Les périphéries d’une grande ville comme Milan sont souvent le théâtre de diverses urgences qui alimentent les pages des faits divers et inquiètent l’opinion publique : squats, immigrés non intégrés, bandes de jeunes, grande et petite criminalité…
On parle cependant rarement du rôle fondamental, souvent silencieux, que jouent certaines femmes pour l’intégration entre les différentes nationalités et générations dans ces lieux de frontière. Devant l’étal d’un marché, en attendant à un arrêt de bus ou dans la queue chez le pédiatre, à partir d’un petit détail de la vie quotidienne, on commence à raconter sa propre histoire et l’on découvre qu’on est plus proches qu’on ne l’imaginait. Parmi ces femmes de la périphérie, encore moins connues, il y a aussi quelques religieuses. Je ne rapporte que deux exemples. Dans le quartier de Baggio, trois Sœurs de l’Annonciation deux institutrices et une assistante sociale, filles spirituelles de saint Charles de Foucauld habitent depuis cinq ans dans un immeuble de logements sociaux. De l’autre côté de la ville, les Sœurs de l’Adoration du Saint-Sacrement, des moniales bénédictines cloîtrées, se sont installées depuis septembre dernier dans le quartier de Quarto Oggiaro.
Dans la diversité de leur vie, ces femmes consacrées suscitent la sympathie de ceux qui les rencontrent, avant tout des enfants, qui se retrouvent à prier avec elles et pour elles, mais aussi de nombreuses personnes qui se proposent pour rendre un service utile à leurs communautés ou pour partager un repas.
Ces présences féminines, si différentes de l’idée commune de la femme, si différentes entre elles et pourtant si unies dans le don de leur vie au Christ, permettent de briser des barrières sociales et culturelles qui semblent parfois insurmontables. Cela vaut la peine de raconter deux épisodes. Un après-midi, les bénédictines ont rencontré une vingtaine de mères musulmanes. Après un échange de récits de vie, des questions plus intimes commencent à être posées : « Comment vivez-vous la jalousie entre vous ? » ; « Pourquoi portez-vous une bague au doigt ? » ; « Que signifie le port du voile pour vous ? ». Une familiarité inattendue.

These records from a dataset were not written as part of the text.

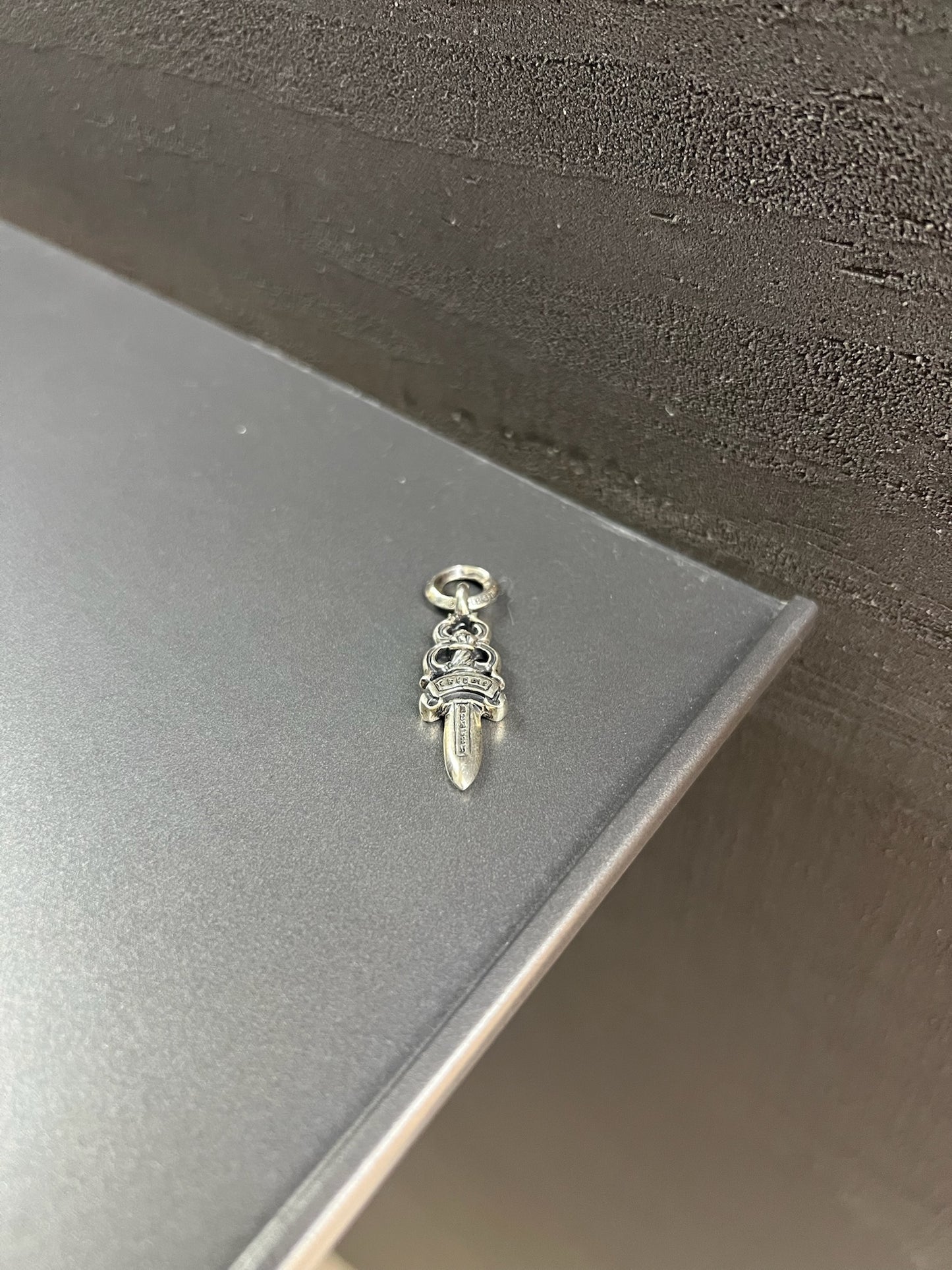 Chrome Hearts Dagger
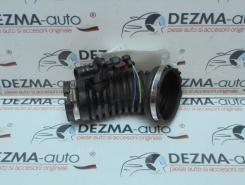 Furtun turbo cu senzor GM13259221, Opel Astra J combi, 2.0cdti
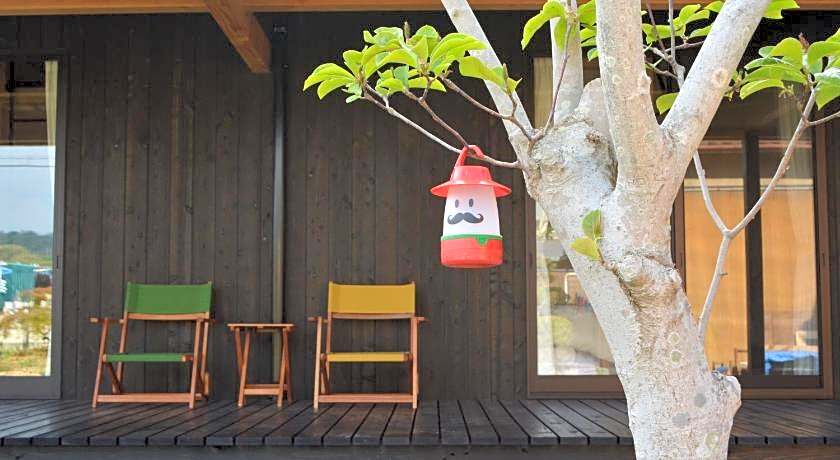 BED N CHILL Shippoya 七宝屋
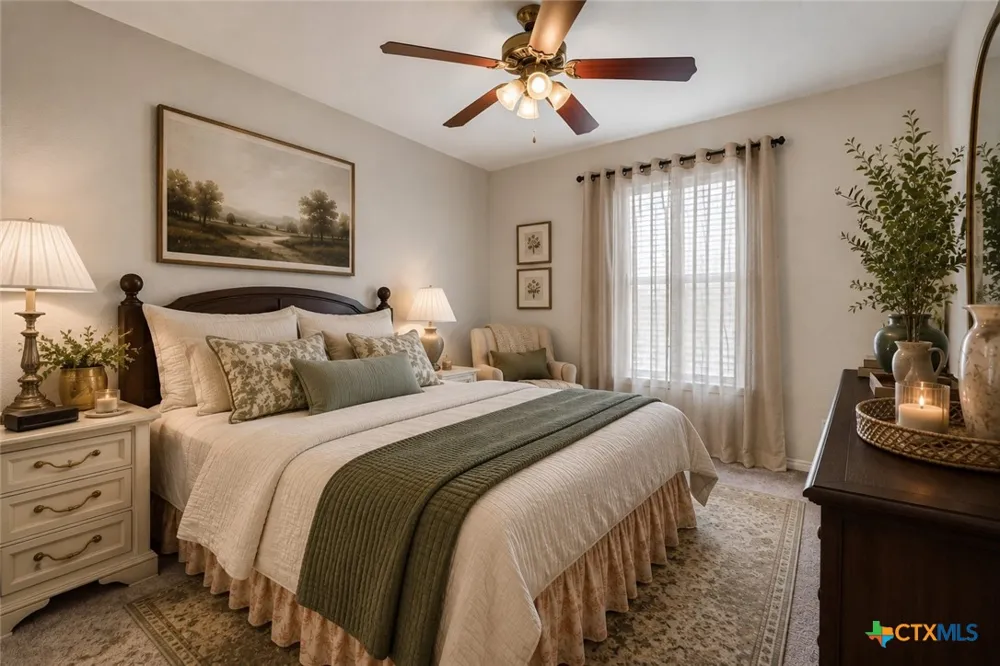 2903 Curtis Drive Copperas Cove, TX 76522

À quelques kilomètres de là, les Sœurs de l’Annonciation ont inscrit au calendrier de leurs nombreuses rencontres quotidiennes et inattendues, une visite avec quelques étudiantes bénévoles chez une dame qui ne prend plus du tout soin d’elle-même : on la voit habituellement errer dans la rue en pyjama. Pour cette occasion, la dame s’est sentie tellement honorée qu’elle est allée chez le coiffeur et a même acheté trois verres pour offrir un thé à ses invitées. Elles sont restées ensemble toute la matinée.
Les urgences des périphéries subsistent et pourtant, parmi ces femmes qui donnent leur vie, s’ouvrent des voies inédites de dialogue et de rencontre. Ce sont des voies que seules les femmes savent tracer.